Putting aside their ill-advised divestment conference, perhaps the strongest evidence is that on Wednesday Rabbi David Weiss of Neturei Karta spoke on campus at their behest.
No doubt the student organizers' intention was to offer an example of a religious Jew who opposes Zionism, but it is unlikely that they or most students on this campus know the full story behind the group he represents.
Founded in the 1930s, Neturei Karta, which means "Guardians of the City" (that is, Jerusalem) in Aramaic, is a fringe group of fervently Orthodox Jews who oppose Zionism on theological grounds. Largely concentrated in Jerusalem, their membership is miniscule, numbering merely in the hundreds (out of a world Jewish population of 14 million). They believe that a Jewish state can be founded only after the coming of the messiah. Viewing Israel's existence as a heresy, they actively seek its destruction, and have long supported the PLO.
In fact, their friendship with the PLO dates back to 1974, when the group's leader, Rabbi Moshe Hirsch, met with Arafat shortly after his notorious speech to the United Nations in which he waved a pistol and said, "The difference between the revolutionary and the terrorist lies in the reason for which each fights. Whoever stands by a just cause and fights for liberation from invaders and colonialists cannot be called terrorist." (Apparently Arafat believes that blowing up schoolchildren isn't terrorism if it is for a noble end. One wonders if the members of SAFE agree, for the organization quite conspicuously has refused to condemn suicide bombings.) Currently, Rabbi Hirsch is Minister of Jewish Affairs (a purely honorary position) in the Palestinian National Authority, which perhaps says more about the PNA than Neturei Karta.

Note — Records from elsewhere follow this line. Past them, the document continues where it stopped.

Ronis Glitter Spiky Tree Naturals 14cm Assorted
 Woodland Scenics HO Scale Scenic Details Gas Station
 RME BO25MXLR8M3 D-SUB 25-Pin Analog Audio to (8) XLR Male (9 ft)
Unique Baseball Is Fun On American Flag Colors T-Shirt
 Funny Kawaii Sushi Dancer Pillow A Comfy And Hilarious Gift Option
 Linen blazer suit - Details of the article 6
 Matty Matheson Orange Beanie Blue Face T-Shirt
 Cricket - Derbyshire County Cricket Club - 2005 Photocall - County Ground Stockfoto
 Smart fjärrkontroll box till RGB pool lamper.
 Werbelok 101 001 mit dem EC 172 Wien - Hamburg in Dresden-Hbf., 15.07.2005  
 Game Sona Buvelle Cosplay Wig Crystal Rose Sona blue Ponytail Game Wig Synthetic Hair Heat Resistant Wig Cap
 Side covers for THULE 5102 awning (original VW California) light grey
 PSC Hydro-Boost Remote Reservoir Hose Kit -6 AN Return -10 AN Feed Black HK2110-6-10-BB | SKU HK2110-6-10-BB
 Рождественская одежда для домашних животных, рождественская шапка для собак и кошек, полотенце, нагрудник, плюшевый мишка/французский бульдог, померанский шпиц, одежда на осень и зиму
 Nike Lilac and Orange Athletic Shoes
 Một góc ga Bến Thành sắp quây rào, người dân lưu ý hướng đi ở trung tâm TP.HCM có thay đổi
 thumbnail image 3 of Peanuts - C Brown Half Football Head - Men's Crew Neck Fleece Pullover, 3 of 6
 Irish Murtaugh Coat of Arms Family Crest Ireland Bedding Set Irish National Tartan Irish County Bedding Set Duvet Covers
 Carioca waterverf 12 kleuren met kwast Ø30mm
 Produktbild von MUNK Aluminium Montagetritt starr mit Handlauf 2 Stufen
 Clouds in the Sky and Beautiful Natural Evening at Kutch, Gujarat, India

Another of the group's strange bedfellows is Nation of Islam leader Louis Farrakhan, a man who has talked of "synagogues of Satan" and has called Judaism a "gutter religion." In February 2000, Rabbi Weiss appeared at a press conference to support Farrakhan. Fawning over the bigot, he said, "All those who say they are Jews who speak ill of Mr. Farrakhan are not Jews."
But not only is Neturei Karta's hatred of Israel hugely out of step with the rest of the Jewish community, including the fervently Orthodox, the group is so extreme that it actually blames the Jews for Holocaust, which it views as God's punishment for Zionism. In a March 2000 press conference Rabbi Weiss himself said that the Holocaust was divine punishment for Jews' abandonment of the Torah.
Those who attended Rabbi Weiss' talk on Wednesday had an opportunity to witness the group's lunacy for themselves. He said that Zionists are worse than Nazis, and that the United Nations is a work of Satan, and skillfully avoided answering a question asking him if he opposed Palestinian suicide bombings.
Needless to say, members of Neturei Karta are pariahs within the Jewish community. Treating them as representative of Jewish opinion or religion is like holding up David Koresh's Branch Davidians as typical Christians.
It is ironic that although Muslim students frequently complain that Americans misunderstand and misportray their religion, it was an utter ignorance of Judaism that was demonstrated by SAFE's hosting of Rabbi Weiss. Moreover, they were apparently unaware of Neturei Karta's fundamental beliefs, for they embarrassingly failed to realize that the religious group actually does support having a Jewish state in all of the land of Israel, including presumably all of Jerusalem and the West Bank - just not yet (since the messiah has not come).
Do pro-Palestinian students really wish to associate themselves with people who blame the Holocaust on the Jews and seek the destruction of Israel?